Yours is the booming voice that commands the attention of CEOs and Fed chairs, and your coverage provides the imprimatur of legitimacy to any endeavor you deem worthy of your gold-plated pages (or Web pages, at least).

Last week, Forbes, the soccer community knelt before you: You gave MLS some ink. Break out the Moet, people.

I can only imagine the thrill this sent through the halls of MLS headquarters in New York. This, after all, is a firm sign of MLS' arrival on the main stage, a watershed moment on par with a rock band getting to Madison Square Garden.

And it wasn't just a passing mention about the Herbalife jersey sponsorship. This was the full Forbes treatment, an in-depth analysis of the league's finances and the valuations of the MLS franchises (click here to see it).

So what did we learn? Nothing we didn't already guess.

Los Angeles is worth the most: a cool $100 million. Kansas City is worth the least ($22 million). Only three teams turned a profit in 2007 (L.A., Toronto FC and, surprisingly, FC Dallas, which I swear averages about 17 fans for its games), while both New York and Columbus were $4.5 million in the red. And odds are that the price tag of an expansion team will soon be $50 million.

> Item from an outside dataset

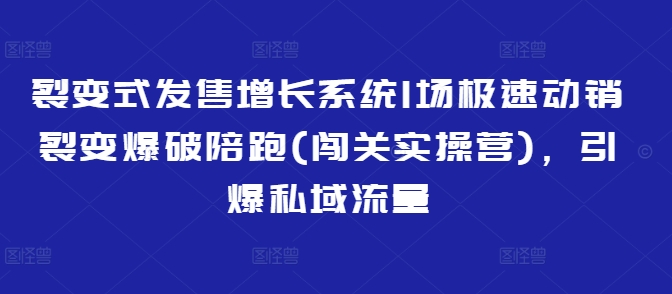 裂变式发售增长系统1场极速动销裂变爆破陪跑(闯关实操营)，引爆私域流量_中创网,自媒体短视频教学_网创项目_网络创业无忧资源网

What does all this have to do with the price of tea in China, as certain of my family members like to say? The numbers put one thing front and center: MLS is no longer North America's bargain-basement league.

Some people might think this is a shame, like it's a bummer that MLS is almost all growns up, as Trent Walker famously said in Swingers. For years, people have argued MLS is a good investment because it's not as expensive as the NFL, MLB or NBA. Look, they would say, you don't have to have Abu Dhabi money to buy into MLS. For the price of your Learjet, the Wizards could be yours. Whee!

But a bargain-basement perception has actually kept MLS from going to the next level because many people -- namely, sponsors and owners, both current and potential -- don't want to shop in the bargain basement. Mostly, because they don't have to. And when they looked at MLS, they often thought that the "M" stood for Minor, not Major.

Remember when the Tampa Bay Mutiny (my old team) and the Miami Fusion folded? Remember when the Chicago Fire played at a rickety high school stadium? And ESPN games were preempted for bowling or something?

What was major about any of that? Nothing. And who wants to be associated with something minor that has the deluded self-importance to call itself major? No one.

But $100 million is not minor in any way. The Galaxy's valuation has enough zeroes to capture the interest of potential owners and sponsors who want to be involved in something big, something that could earn them some real money and real envy from their rich friends.

And that phenomenon is continuing, as evidenced by the news last week when an executive with the New York Mets told Bloomberg that the MLB team might bring a second MLS team to the Big Apple. (Actually, considering the Red Bulls play in New Jersey, I guess it would be the first team. I [heart] N.Y.!) The Mets are set to move into a new stadium adjacent to existing Shea Stadium next year, and they're considering building a soccer-specific stadium next door.

Nothing's agreed to or signed, but it's possible they could join the league in the planned 2011 expansion. What a fantastic happening that would be! Two teams in New York, battling for the Verrazano Cup -- or whatever name some marketing guru comes up with for the rivalry -- fighting for turf and attention in the most important media market in the world. This would be a SuperDuperClasico.

But it wouldn't even be a topic of conversation for Mets owner Fred Wilpon if he didn't know that an MLS team could be worth $100 million. Whether the Mets will end up bringing a team to New York City proper or not remains to be seen.

Ultimately, it doesn't matter. What matters is that captains of industry and titans of business now see MLS as something worth their time (and, remember, time is money). The more of them that get involved, the more money the teams will have to spend, which means better players, better stadiums, better soccer. And better soccer is more than worth the price of tea in China.